Items listed in a dataset:
····················

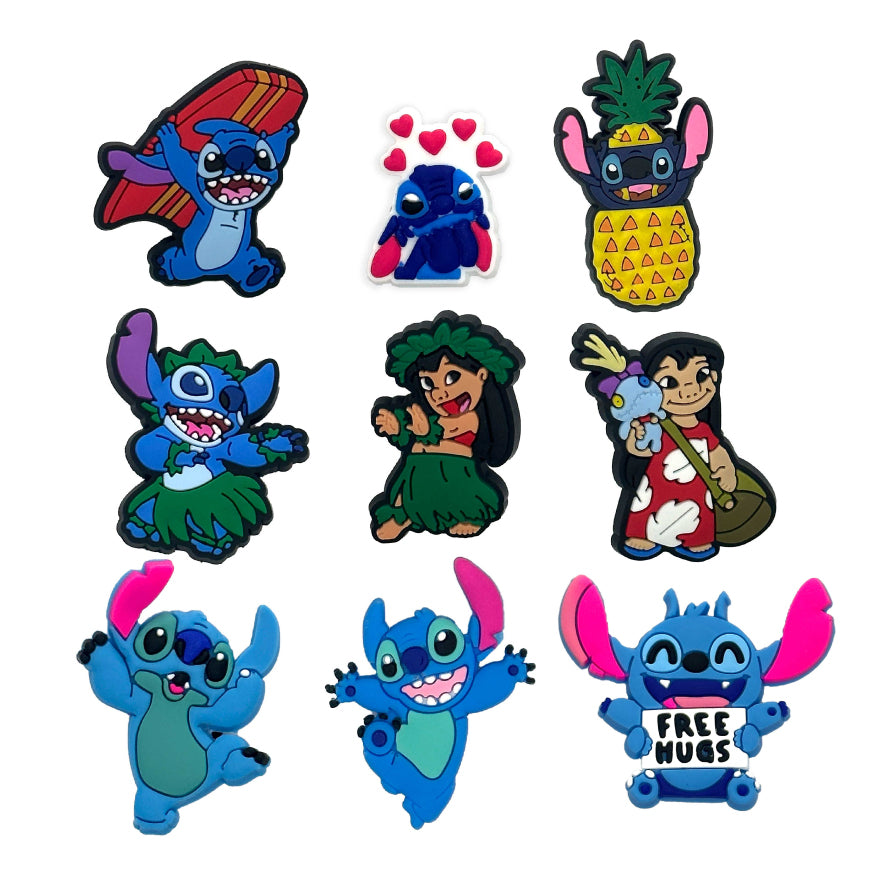 Ohana Blue Cartoon Pin 5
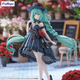 Фигурка FuRyu Вокалоид Хацунэ Мику Vocaloid Hatsune Miku Outing Dress 19 см F V HM OD 19 - изображение 6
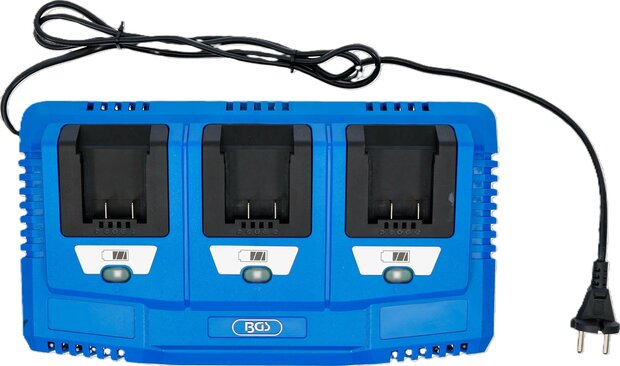 Chargeur multiple 3 x 2,5 A 18 V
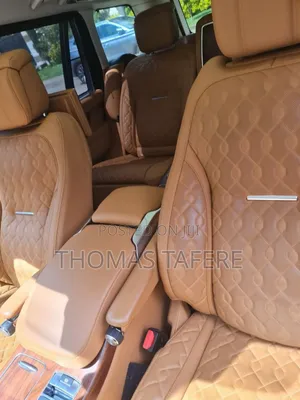 Land Rover Range Rover Vogue 2021 Black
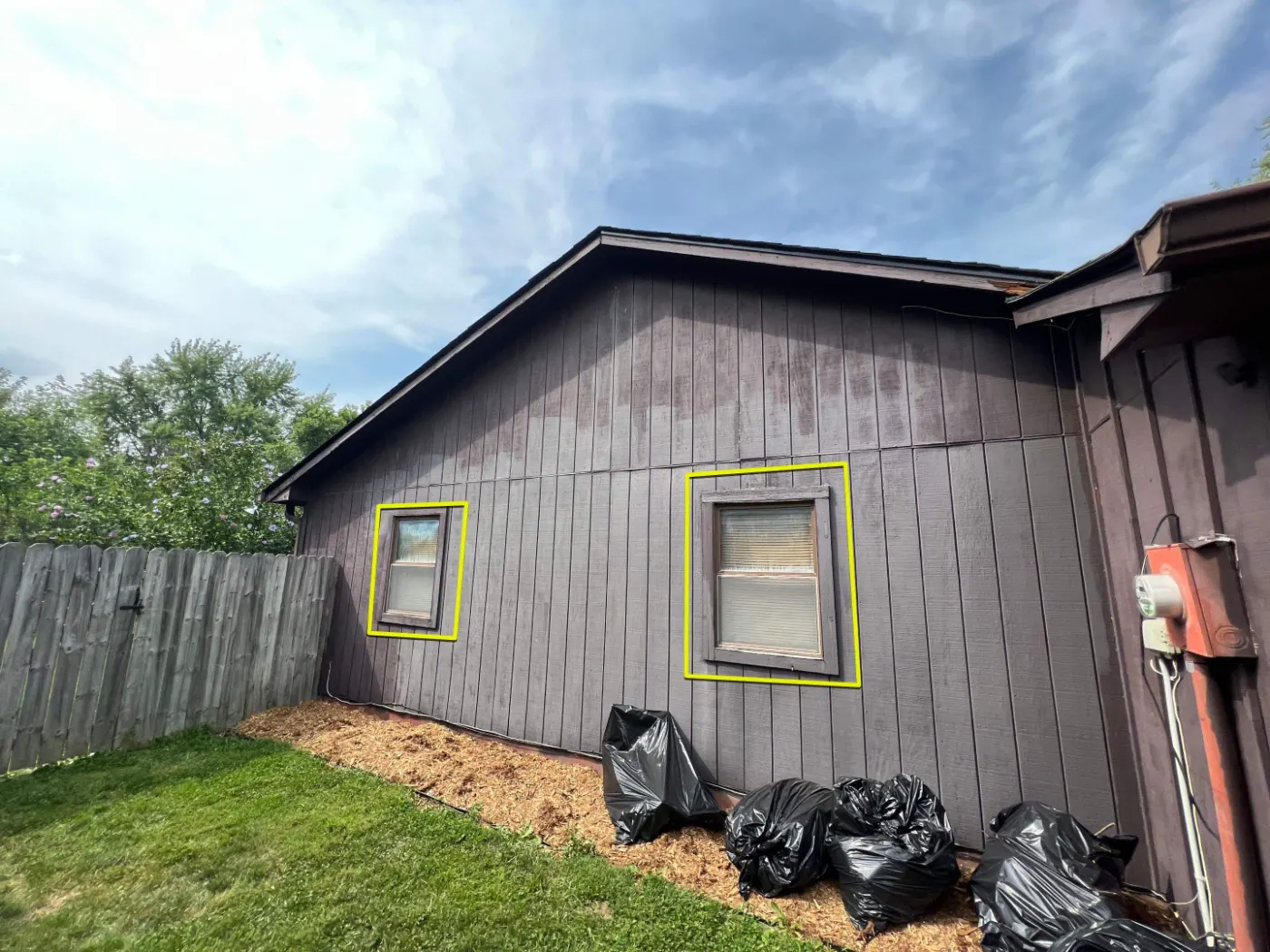 Energy-efficient windows installed in a Hazel Dell home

····················

#### WHAT THIS TASK INVOLVES
Output each line exactly as shown above; no pictures go in the copy.

#### YOUR SOLUTION
 Ohana Blue Cartoon Pin 5
 Фигурка FuRyu Вокалоид Хацунэ Мику Vocaloid Hatsune Miku Outing Dress 19 см F V HM OD 19 - изображение 6
 Chargeur multiple 3 x 2,5 A 18 V
 Land Rover Range Rover Vogue 2021 Black
 Energy-efficient windows installed in a Hazel Dell home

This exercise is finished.